Créer la disette en épuisant les ressources naturelles pour un profit maximum et vendre pour de nouveaux profits les éléments en manque, telle est la loi de ce système.

Voici un siècle et demi, un philosophe anticipait ce pillage des ressources naturelles : « Tout progrès de l’agriculture capitaliste est non seulement un progrès dans l’art de piller le travailleur, mais aussi dans l’art de piller le sol ; tout progrès dans l’accroissement de sa fertilité pour un laps de temps donné est en même temps un progrès de la ruine des sources durables de cette fertilité. Plus un pays, comme par exemple les États-Unis d’Amérique, part de la grande industrie comme arrière-plan de son développement et plus ce processus de destruction est rapide. Si bien que la production capitaliste ne développe la technique et la combinaison du procès de production social qu’en ruinant dans le même temps les sources vives de toute richesse : la terre et le travailleur. » (3)

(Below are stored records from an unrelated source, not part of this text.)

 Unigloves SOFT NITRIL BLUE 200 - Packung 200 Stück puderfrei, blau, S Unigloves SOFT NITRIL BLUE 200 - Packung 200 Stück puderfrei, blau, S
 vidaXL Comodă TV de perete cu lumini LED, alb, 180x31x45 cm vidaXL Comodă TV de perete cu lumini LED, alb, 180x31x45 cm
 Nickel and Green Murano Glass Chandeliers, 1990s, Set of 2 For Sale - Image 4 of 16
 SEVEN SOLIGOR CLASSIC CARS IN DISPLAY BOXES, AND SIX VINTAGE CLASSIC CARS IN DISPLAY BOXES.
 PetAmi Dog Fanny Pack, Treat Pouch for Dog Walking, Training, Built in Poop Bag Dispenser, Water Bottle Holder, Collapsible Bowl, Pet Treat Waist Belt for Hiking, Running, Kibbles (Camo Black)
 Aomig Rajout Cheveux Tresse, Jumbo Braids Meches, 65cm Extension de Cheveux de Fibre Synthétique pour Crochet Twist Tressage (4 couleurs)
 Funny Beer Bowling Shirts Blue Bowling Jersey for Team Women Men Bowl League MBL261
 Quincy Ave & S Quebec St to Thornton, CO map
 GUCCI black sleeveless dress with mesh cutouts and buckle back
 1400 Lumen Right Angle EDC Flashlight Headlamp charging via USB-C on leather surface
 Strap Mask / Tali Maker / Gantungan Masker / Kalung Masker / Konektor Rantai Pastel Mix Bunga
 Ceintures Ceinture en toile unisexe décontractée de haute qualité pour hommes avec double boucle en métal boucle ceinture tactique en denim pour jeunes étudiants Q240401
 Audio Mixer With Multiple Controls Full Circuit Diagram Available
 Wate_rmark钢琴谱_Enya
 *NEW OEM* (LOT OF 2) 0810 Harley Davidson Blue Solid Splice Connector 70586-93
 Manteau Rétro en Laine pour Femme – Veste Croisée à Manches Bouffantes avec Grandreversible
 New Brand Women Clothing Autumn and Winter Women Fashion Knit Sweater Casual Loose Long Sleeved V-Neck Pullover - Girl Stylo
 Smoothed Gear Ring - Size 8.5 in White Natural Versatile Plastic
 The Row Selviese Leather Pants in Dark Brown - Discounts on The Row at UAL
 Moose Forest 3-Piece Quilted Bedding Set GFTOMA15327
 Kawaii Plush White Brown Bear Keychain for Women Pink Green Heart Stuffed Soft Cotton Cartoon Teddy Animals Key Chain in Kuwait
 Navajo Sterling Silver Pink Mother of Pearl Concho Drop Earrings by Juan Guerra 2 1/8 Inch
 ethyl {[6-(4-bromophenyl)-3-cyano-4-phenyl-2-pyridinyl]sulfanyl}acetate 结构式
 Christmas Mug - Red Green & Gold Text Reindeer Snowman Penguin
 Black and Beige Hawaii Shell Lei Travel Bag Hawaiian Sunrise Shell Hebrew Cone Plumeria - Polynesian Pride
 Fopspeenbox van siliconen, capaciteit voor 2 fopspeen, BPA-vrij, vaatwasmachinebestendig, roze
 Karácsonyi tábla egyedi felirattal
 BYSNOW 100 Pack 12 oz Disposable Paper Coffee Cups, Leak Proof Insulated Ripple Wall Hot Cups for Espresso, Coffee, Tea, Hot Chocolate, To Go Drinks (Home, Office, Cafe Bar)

Ce philosophe s'appelait Karl Marx. Dépassé, vraiment ?

Michel Strulovici

NOTES

(1). Autre aspirateur de nappes phréatiques, le groupe Alma/Roxane. Il s'agit d'une holding détenant des participations dans des entreprises commercialisant de l'eau plate et gazeuse en bouteilles. Le groupe possède 45 sources majoritairement en France et il occupe la troisième place des embouteilleurs français. Il commercialise entre autres Cristaline, Saint-Yorre, Vichy Célestins, Rozana, Saint Amand. Le groupe Alma a pour filiales Neptune et la Compagnie générale des eaux de source (CGES). Le groupe Alma réalise un chiffre d'affaires annuel de 1,1 milliard d'euros (en 2021).

(2). Un fonds "activiste" n’a rien à voir avec l’activisme écologique, par exemple. Les fonds activistes sont des fonds d'investissement qui se spécialisent dans des prises de participation (souvent minoritaire) dans des entreprises qu'ils estiment à fort potentiel, mais mal gérées. En novembre 2020, Bluebell Capital déplorait ainsi la performance boursière du Groupe Danone « décevante » et estimait que sous la présidence d’Emmanuel Faber, « le bon équilibre entre la création de valeur pour l’actionnaire et les questions de durabilité » n’avait pas été trouvé.

(3). Karl Marx, Le Capital, Livre I, pp. 566-567.